___ Information shown ___
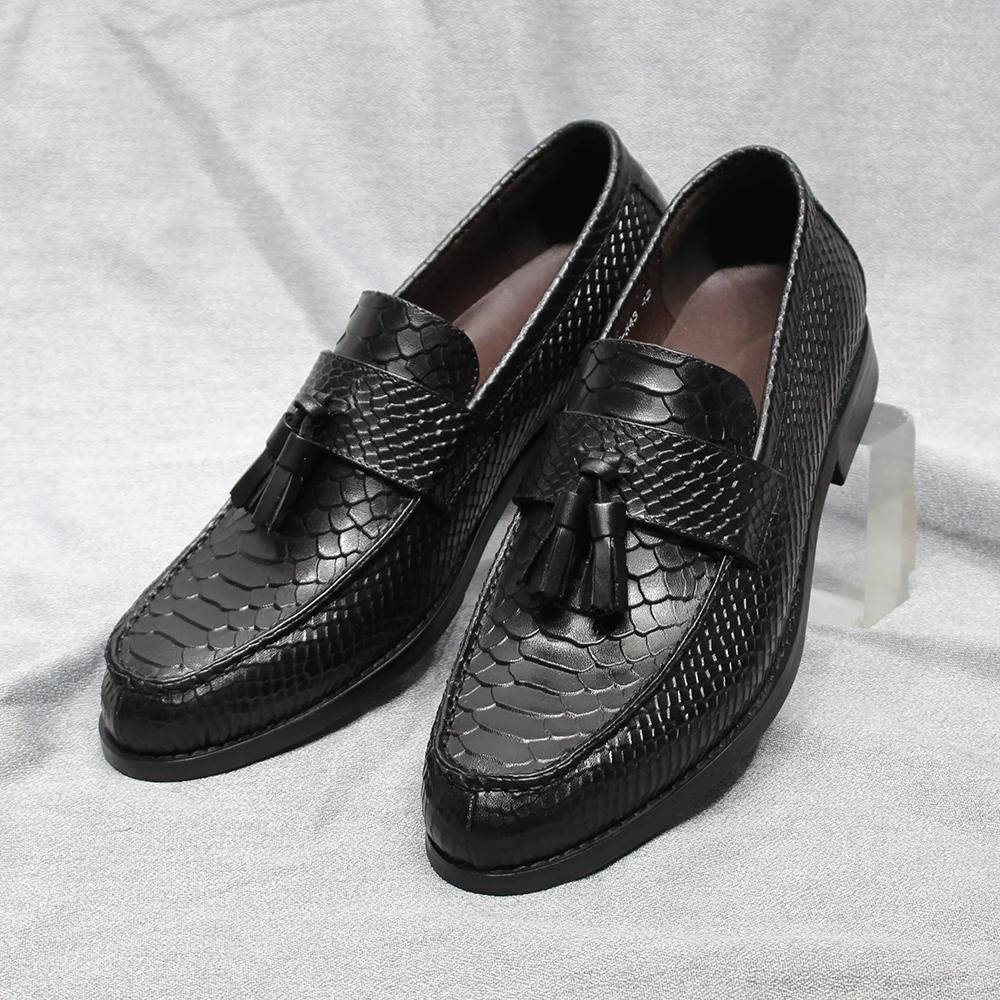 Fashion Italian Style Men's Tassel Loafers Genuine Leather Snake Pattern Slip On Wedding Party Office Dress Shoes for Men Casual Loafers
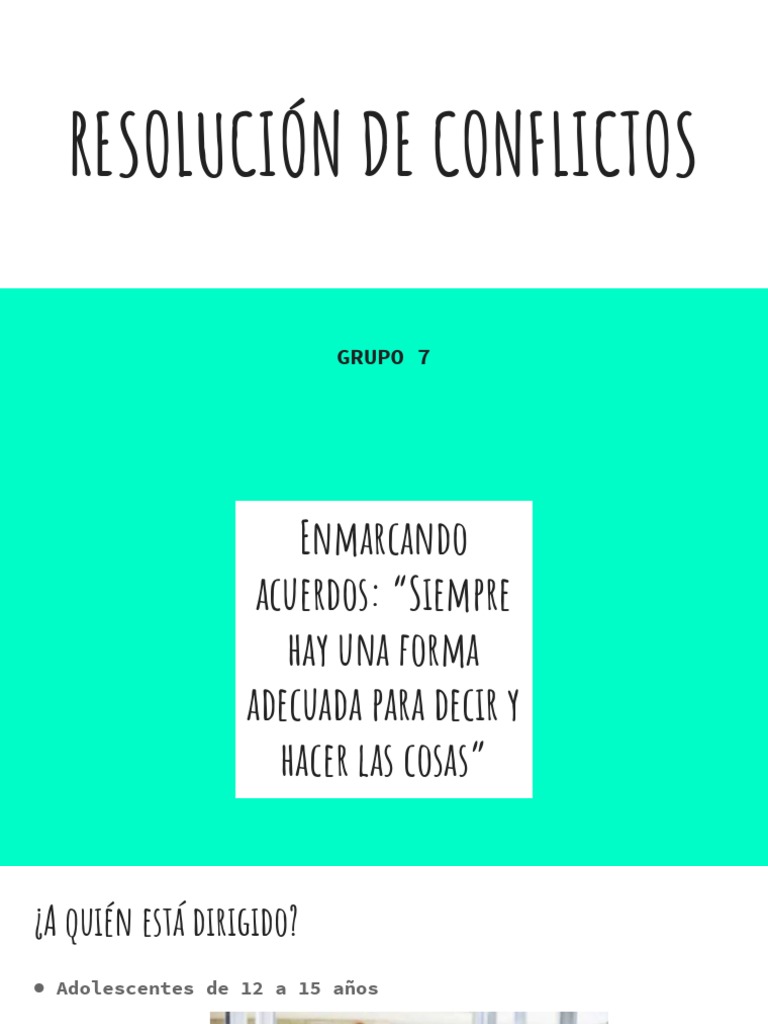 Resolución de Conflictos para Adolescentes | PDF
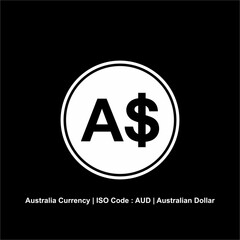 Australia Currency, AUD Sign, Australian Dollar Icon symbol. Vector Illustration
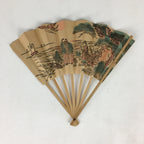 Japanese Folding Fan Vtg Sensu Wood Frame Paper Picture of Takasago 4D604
___
___ Information shown ___
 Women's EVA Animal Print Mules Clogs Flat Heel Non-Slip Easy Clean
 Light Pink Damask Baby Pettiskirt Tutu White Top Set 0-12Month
___
Starting at the line above that holds "Fashion Italian Style", return each line up to and including the one that holds "Japanese Folding Fan", exactly as written, minus any pictures.

## Task response
 Fashion Italian Style Men's Tassel Loafers Genuine Leather Snake Pattern Slip On Wedding Party Office Dress Shoes for Men Casual Loafers
 Resolución de Conflictos para Adolescentes | PDF
 Australia Currency, AUD Sign, Australian Dollar Icon symbol. Vector Illustration
 Japanese Folding Fan Vtg Sensu Wood Frame Paper Picture of Takasago 4D604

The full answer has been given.